Débouté en 2016 de sa demande de titre de séjour, Bobo Matondo était depuis quelques semaines l’objet d’une assignation à résidence qu’il  respectait scrupuleusement. Il pointait chaque jour à la gendarmerie. Jeudi dernier, sous le coup d’une obligation de quitter le territoire français (OQTF) délivrée par la préfecture, il a été transféré vers la région parisienne au CRA n° 8  de Mesnil-Amelot. Accompagné par un avocat en lien avec la CIMADE et d’un avocat du barreau de Tulle-Ussel, il a désormais moins de 90 jours pour se défendre et éviter un retour au Congo, pays qu’il a fui  pour des raisons politique et familiale. A Tulle depuis 6 ans, Bobo Matondo s’était vite intégré dans le tissu social.  Joueur de rugby dans l’équipe  réserve du SCT, bénévole impliqué  au quotidien au Secours populaire, promis à un emploi au sein de l’association d’insertion F.O.R.E.T, Bobo  Matondo, loué pour sa gentillesse  et son grand cœur, semblait cocher toutes les cases administratives qui ouvrent en grand les portes de l’asile.

Mais Dura lex sed lex...

Vendredi le secrétaire général de la Préfecture de la Corrèze, Eric Zabouraeff ne pouvait que tenir le discours froid, clinique de l’Etat alors que dans la salle on entendait fuser des «Rendez-nous Bobo !»... «Les situations de l’immigration ne sont pas nouvelles.

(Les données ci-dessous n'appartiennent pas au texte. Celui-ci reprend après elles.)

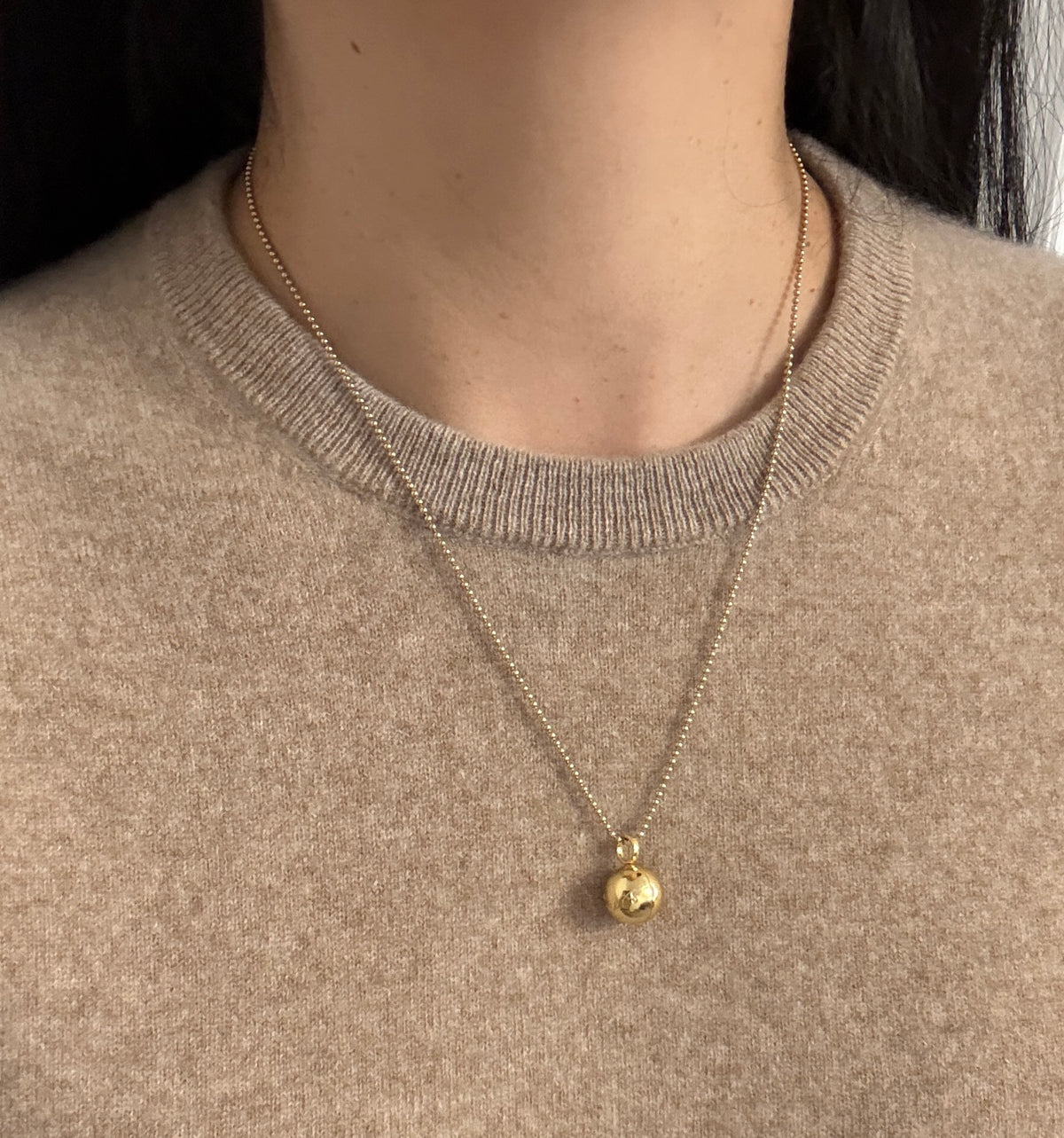 14K Gold 1.5 mm Ball Chain, 20" Long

On a un système en France qui permet tout un tas de choses. En Europe, c’est la France qui accepte le plus de demandes d’asile. Mais il y a une règle. Pour certaines situations, il n’y a pas de raison que la demande d’asile aboutisse. Certaines décisions ne sont pas du goût de tous mais le respect de la justice, c’est le principe d’un  Etat de droit» justifiait le représentant du préfet de la Corrèze. Fermé le ban !
Au sein du SPF, Bobo Matondo avait participé à des ateliers d’écriture mis en place par l’artiste-plasticienne Fabienne Yvert. Une phrase écrite par   Bobo Matondo «Pauvre mais intelligent»  était devenue une affiche. L’artiste lui a répondu  : «Bobo on a mal nous aussi».

Des locaux adaptés

L’installation de différents services du SPF 19 au sein de ses nouveaux locaux rue Caquot  aura duré plus de 5 années. La Ville de Tulle a fait  l’acquisition des bâtiments pour la somme de 130.000€, un local qu’elle loue au SPF sous un bail emphytéotique de 70 ans.
«Ce local d’une superficie de 12.00 M2, nous permet déjà de mettre en œuvre de nouvelles pratiques de la solidarité et de l’éducation populaire et offre un meilleur confort d’usage à nos bénévoles par ses pièces fonctionnelles et ses belles surfaces» se félicitait Ayse Tari.
Le coût global des travaux  d’aménagement s’est élevé à 700.000 euros dont 400.000 pour le SPF. Vendredi, la  Secrétaire a poussé pour que 30.000€ soient trouvés afin de financer la rénovation de la façade.